Nov 9th 1870:  FAREWELL – On Monday evening a number of Mr. CONDUIT’s friends invited him to a farewell dinner at the York Hotel.  After the cloth had been removed Mr. GABELL took the chair, and a convivial evening was passed.  Regret was felt at the loss the town would sustain by the departure from among us of Mr. and Mrs. CONDUIT, and of Mr. Owen CONDUIT, and good wishes for their prosperity in their new home were expressed.  There was a presentation of a purse of gold.  Mr. and Mrs. CONDUIT and family left Ryde on Wednesday, and will sail for Sydney from Milwall in the course of the coming week.

Nov 12th 1870:  NEW CONGREGATIONAL CHURCH – One of the first public duties, if not the very first, which it has fallen to the lot of our new Mayor (Mr. Alderman THURLOW) to perform, has been to head a procession of the corporation to take part in laying the memorial stone of the new structure, which is to supersede the George-street Congregation Church, destroyed by fire on the 29th April last.

Nov 16th 1870: BOROUGH POLICE COURT – On Monday, the license of the Nelson Hotel, Belvidere-street, was transferred by endorsement from Henry MILLER to –- RAYNER.

Nov 26th 1870:  CHUNDER SEN IN INDIA – Those people in England who so recently made their homes hospitable to the Indian Reformer, will receive with pleasure the following account of what Mr. SEN said before the first meeting he had addressed in India since his return. “Whatever the shortcomings and defects of the English may be, I have seen in that country a noble and a generous heart in the root of society.  I do not think there is in any other part of the world such as a sweet English home.  Its sweetness, its purity must command our respect.”

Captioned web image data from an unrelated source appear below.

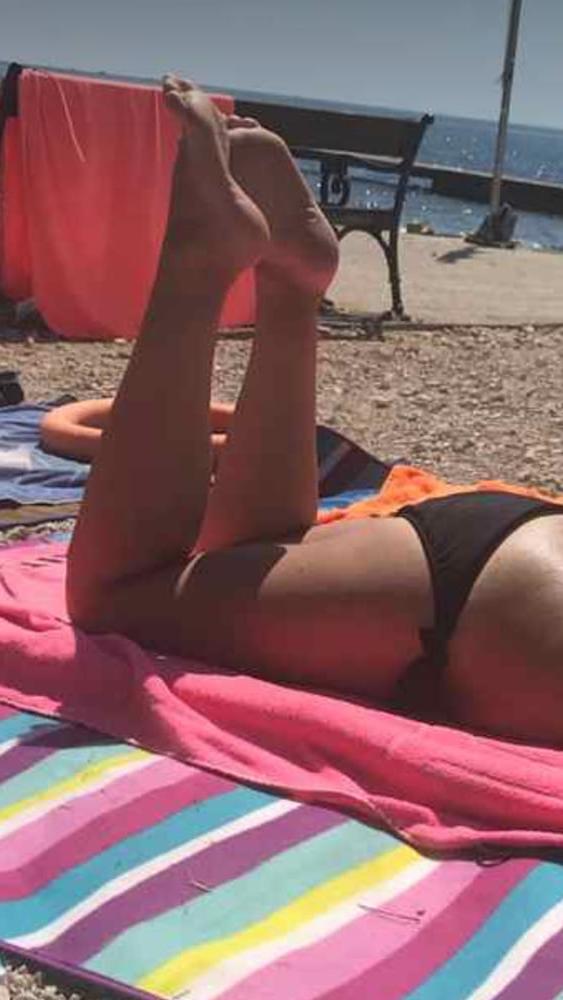 25P hot slut loves to pose with friends
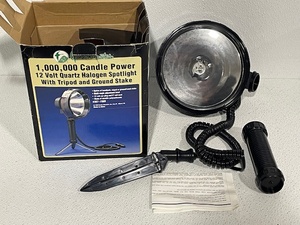 lot 123 image: Portable Spot Light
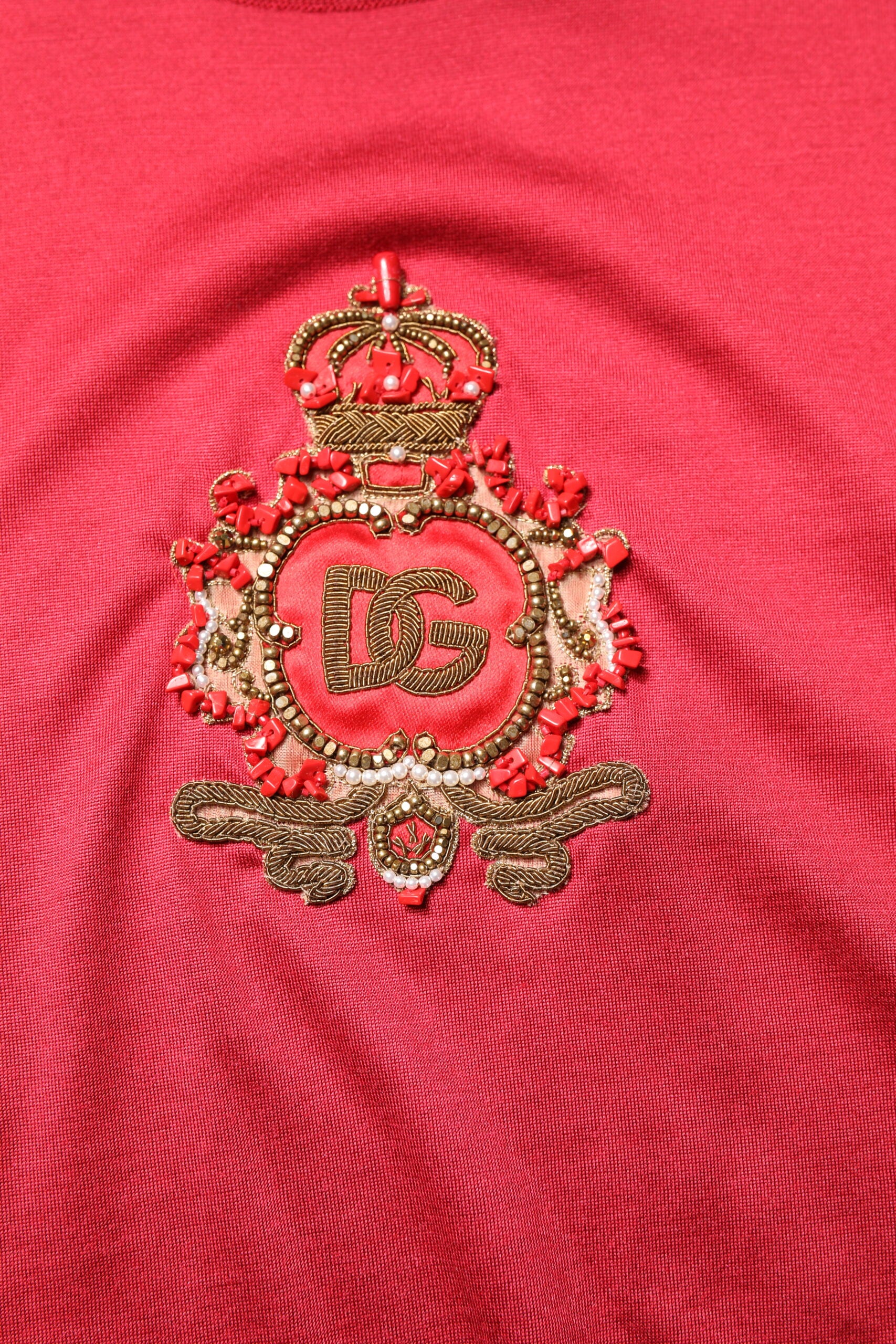 T-shirt à manches courtes en soie rouge Dolce & Gabbana avec logo DG Couronne, motif élégant et sophistiqué.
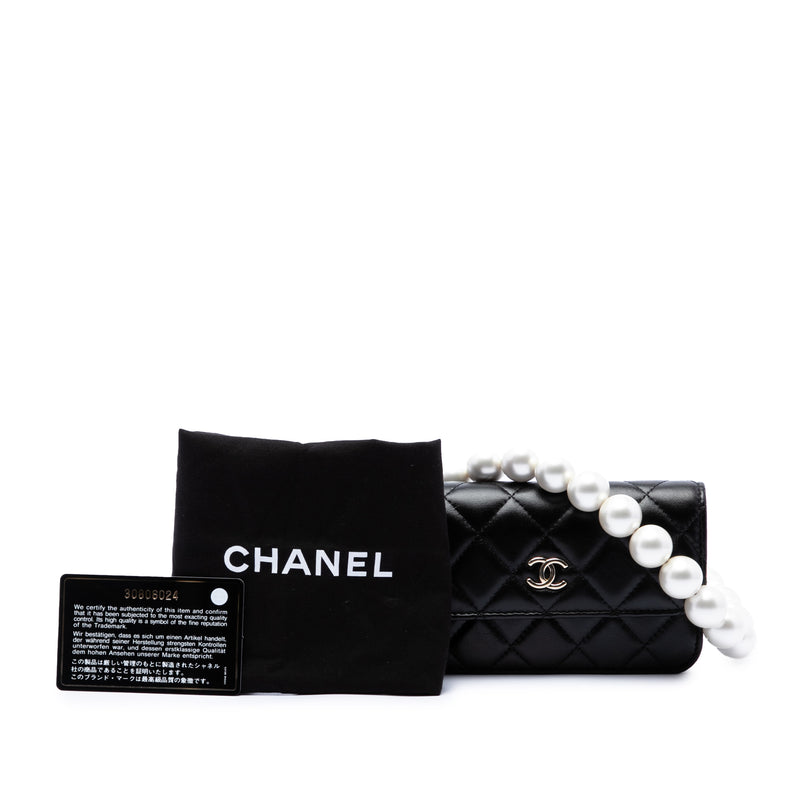 Quilted Lambskin Maxi Pearls Clutch With Chain - Image 7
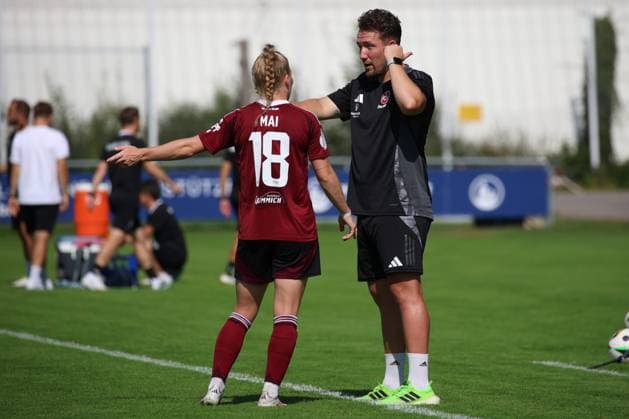 07.09.2024 - Fussball - Saison 2024 2025 - DFB-Pokal Frauen : 1. FC Nürnberg FCN ( Club Clubfrauen ) - SC Freiburg - Sportfoto Zink - xdcxdex - Franziska Mai (18, 1. FC Nürnberg FCN ), Thomas Oostendorp ( Trainer 1. FC Nürnberg FCN )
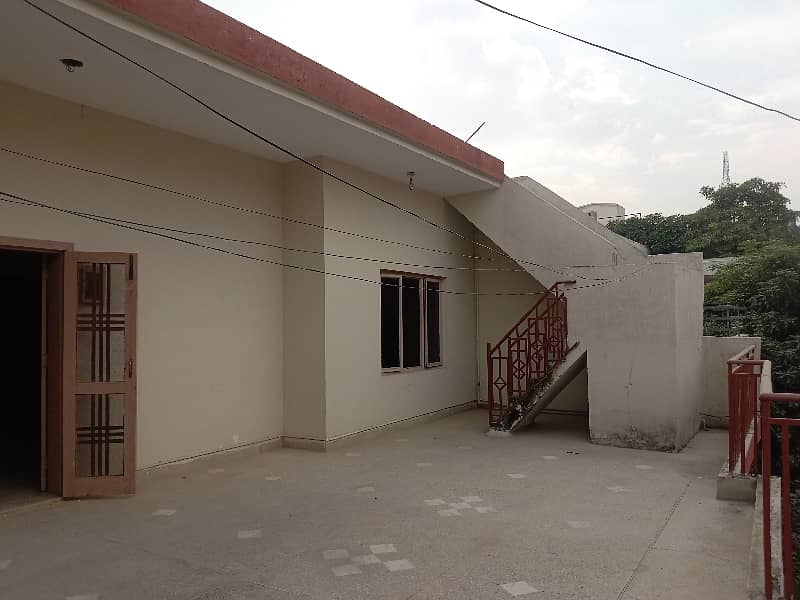 House for sale in Gulistan Colony 12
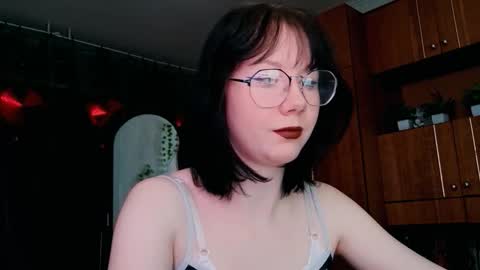 Nancy online show from February 25, 2:04 pm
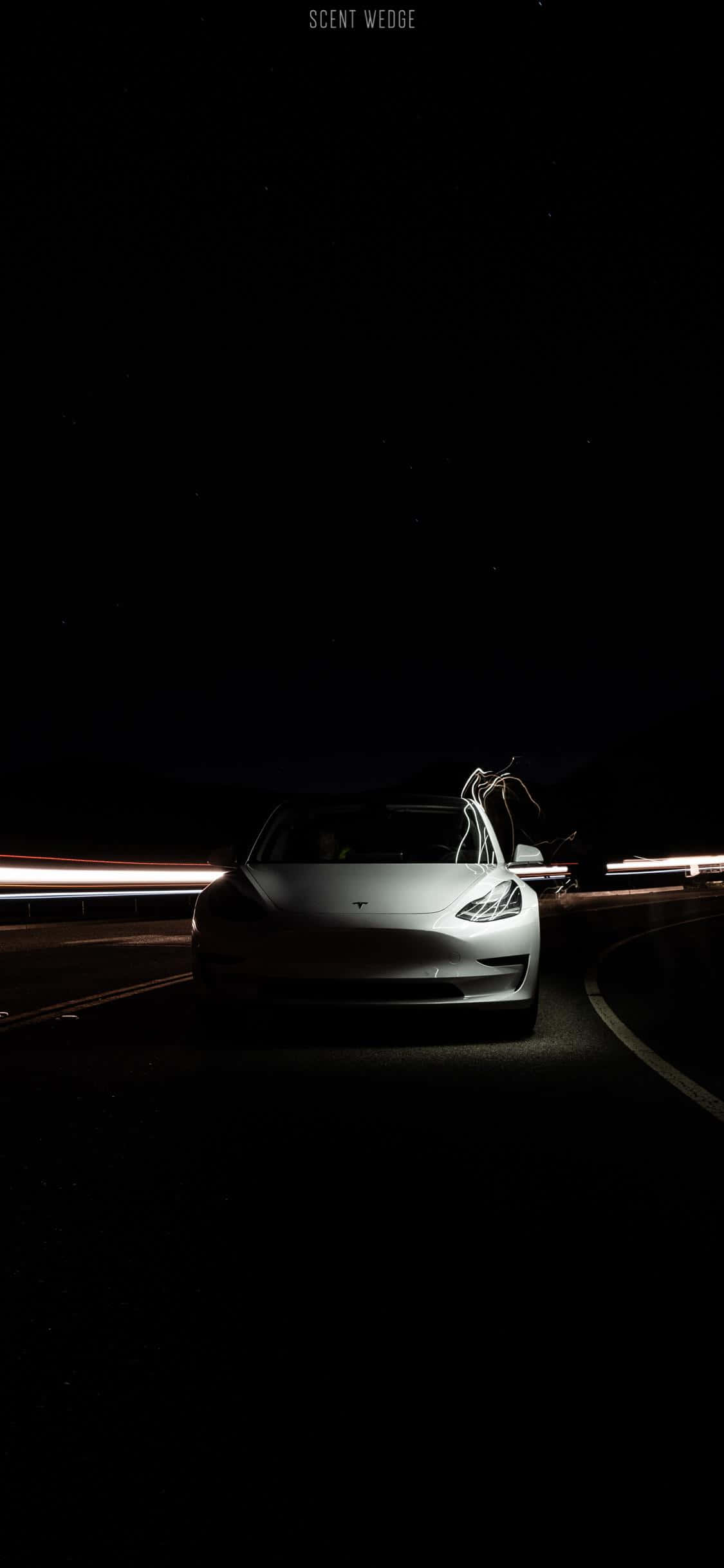 用 iPhone 解鎖您 #Tesla 的力量 壁紙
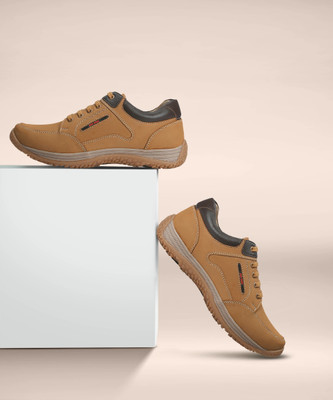 RED CHIEF Casuals For Men(Brown , 6 UK/India)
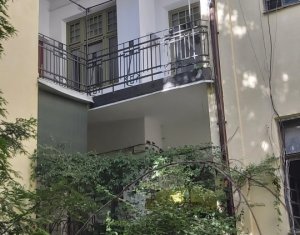 Lakás 4 szobák eladó on Cluj-napoca, Zóna Centru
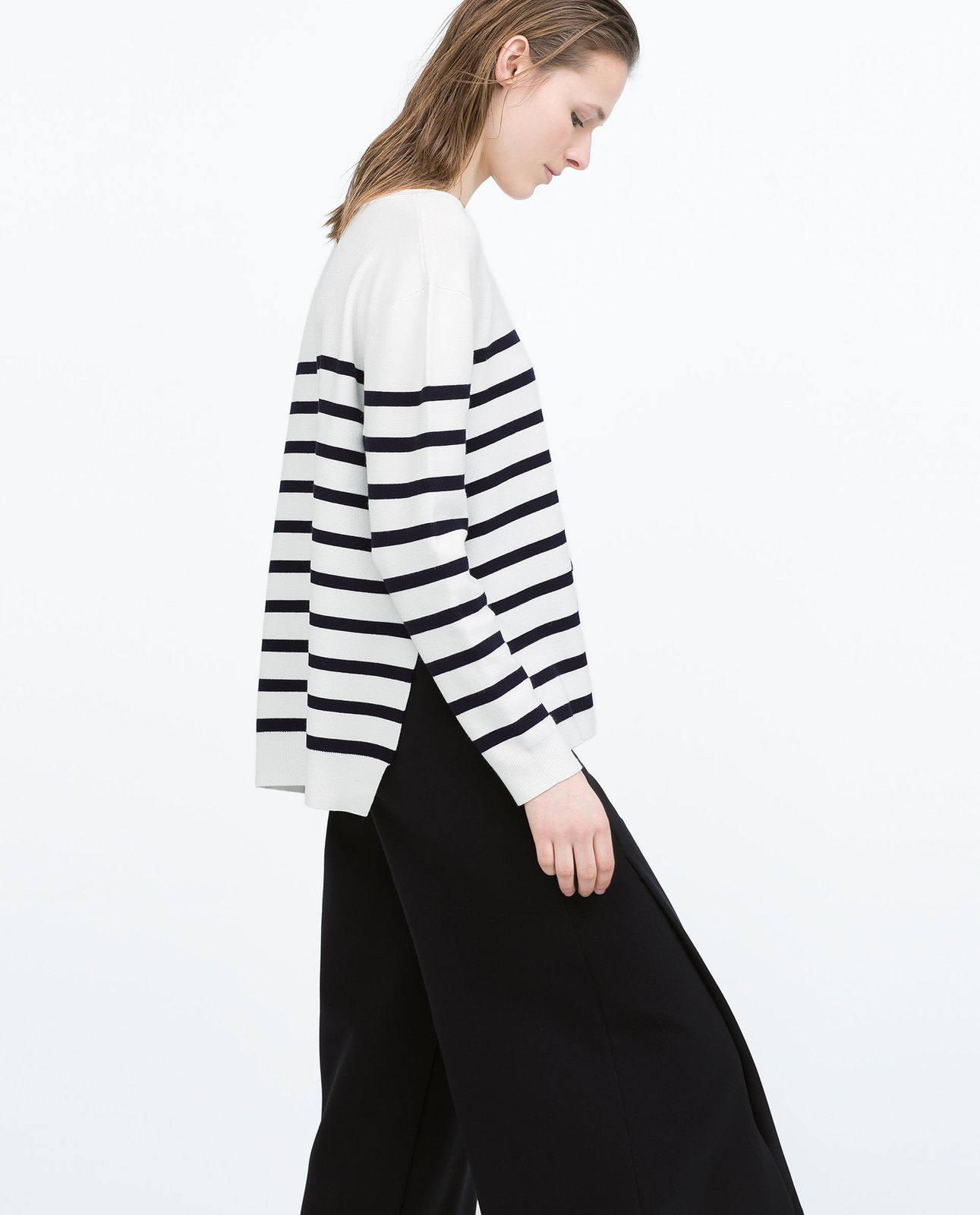 Zara tengerészcsíkos fekete-fehér pulóver 2015.02.23 fotója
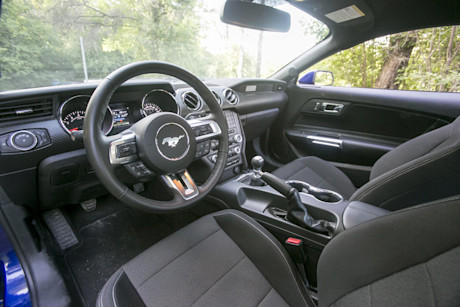 Editorial 2015 ford mustang v6 10 rf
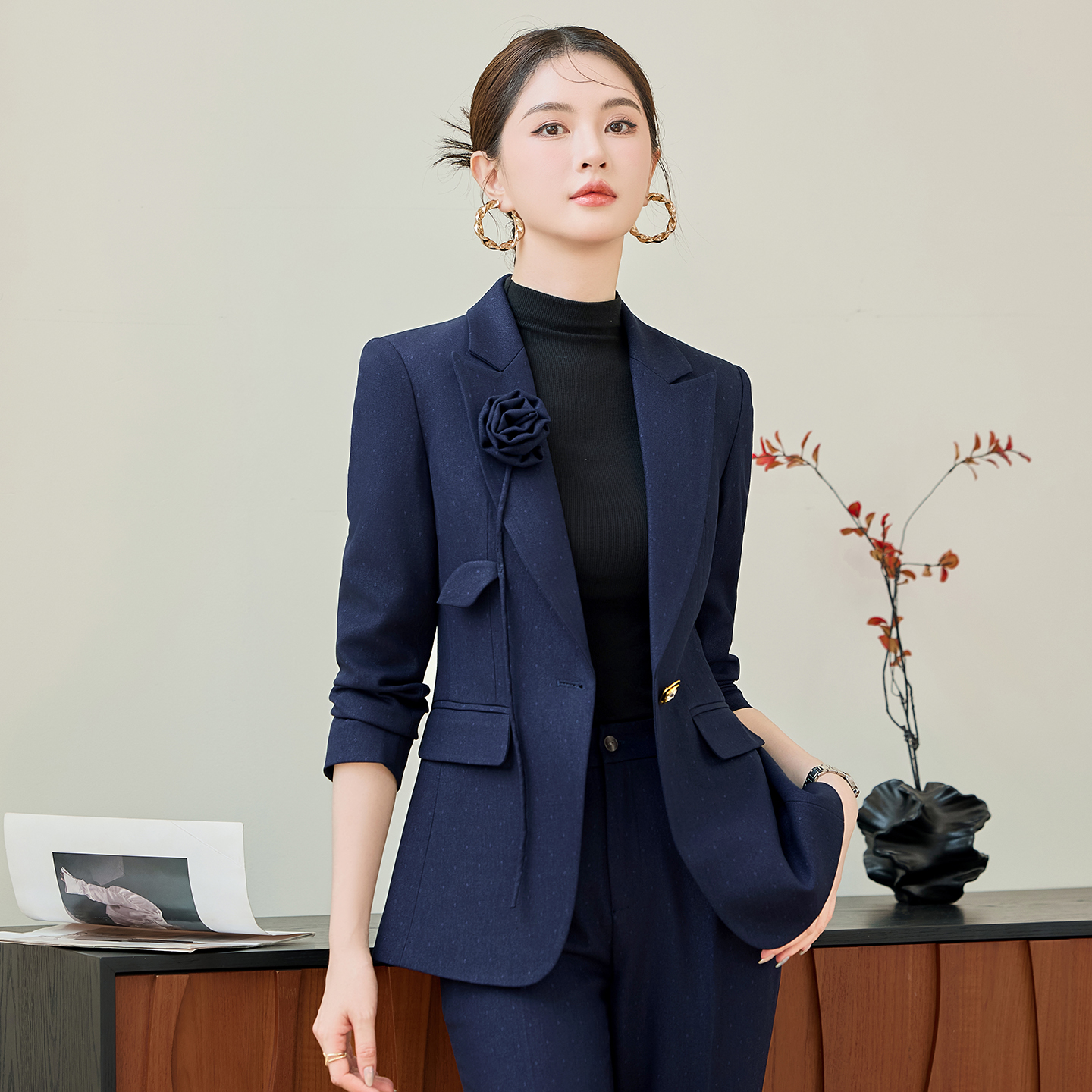 Unique design, high-end suit set, women's early autumn new style, fashionable and simple temperament, goddess style commuting work clothes Unique design, high-end suit set, women's early autumn new style, fashionable and simple temperament, goddess style commuting work clothes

Below some of the defects mentioned in Mr. SEN’s full report of his talk in India, all made amongst shrieks of laughter:

All the entanglements of the ladies’ dresses!

The horrid crinoline, would you not be amused? Spare us the horrid thing.

To eat and drink in the English way?  It is barbarous, a vegetarian in the midst of carnivorous England!

To see the horrors of the meat market in London, the people of India would never send their children to England.

I was invited to dinner parties. The dining-room was more like a zoological garden. Fowl of the air, and Beasts of the wilderness, Fishes of the sea, and creeping things laid on the table, I could not say whether they were alive or dead.

I think there ought to be a protest against 2 things – what is called “fashion” the tail of the English ladies’ dress and the horrors of English dinners.